Lisa Delman and I met at the Maui Writers' Conference. We kept on running into each other in the hallways and in restaurants and the pool, just about everywhere we turned. But she wrote nonfiction self-help books, and that's not really my thing, so I encouraged her to find an agent who thrilled at that. We ended up on the same plane home, and really bonded (we were the same age and playing the dating game), so we became "writing friends." During the course of a vacation conversation (I was visiting the town where she lived and we decided to hang out), she told me this moving story about the letters she had written to her mother when she thought she was dying, and I said to her, "that's your book!" DEAR MOM, I Always Wanted You to Know (Perigee http://www.amazon.com/Dear-Mom-Always-Wanted-Know/dp/0399530797- ) was born there, and I did represent it. It just wasn't the book she was pitching then, and it took 5 years from that Maui conference to publication.

Jeremy Wagner plopped himself in from of me at a BEA pitch slam only two years ago. He was the hardest working unpublished writer I'd met in long time. He had a decade of conferences he'd attended and editors he'd consulted with, and he told me he was so happy he'd finally gotten my attention, because I was the horror babe. And he was right. I had once been the horror babe, but I was now launching Ravenous Romance and not actively taking on new clients (but had just hired 4 new agents who were taking on new clients), so he thought he was screwed. But I told him I would be his guardian agent, and give him advice whenever he needed it. He needed it a lot. And I gave it - a lot. I bought a short story from him for an anthology I was editing for Ravenous Romance in HUNGRY FOR YOU LOVE (St. Martin's Press http://www.amazon.com/Hungry-Your-Love-Anthology-Romance/dp/0312650795/ref=sr_1_1?ie=UTF8&s=books&qid=1295686247&sr=1-1-spell), our Zombie romance anthology, which eventually made it to book stores, so I gave him his publishing start. But he also got an agent, and just sold his first novel, THE ARMAGEDDON CHORD (http://www.jeremy-wagner.com/books.html), to an epublisher, which is the right move for a new horror writer right now.

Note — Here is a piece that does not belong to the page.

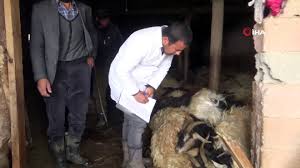 Kurtlar Agila Girdi 79 Koyunu Telef Etti Dailymotion Video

I met Trinity Blacio at Lori Foster's fabulous readers and writers conference in Ohio. It's an intimate gathering of about 200 readers and writers in Cincinnati, the home of Grater's Ice Cream, Skyline Chili and Montgomery Ribs. I had just launched Ravenous Romance and was looking to get a feel for what readers wanted, and Trinity introduced herself. I had bought one of her stories for our THREESOMES anthology (http://www.ravenousromance.com/lesbian/threesomes-an-anthology.php?keyword=blacio) She told me about a werewolf world she had been writing about for the last 7 years. Listening to her, I knew she had a world as complicated as Anne Rice's vampires. I bought the book, and her RUNNING IN FEAR (http://www.ravenousromance.com/fantastica/running-in-fear-abandoned.php?keyword=blacio) series is one of our best-sellers.

So the moral of these stories is that a writer shouldn't go to a writers' conference thinking that they will get their dream agent or book deal. Listen, learn, mingle, keep in touch with everyone. You might make a friend or a contact that will change your life, but let the experience be your guide.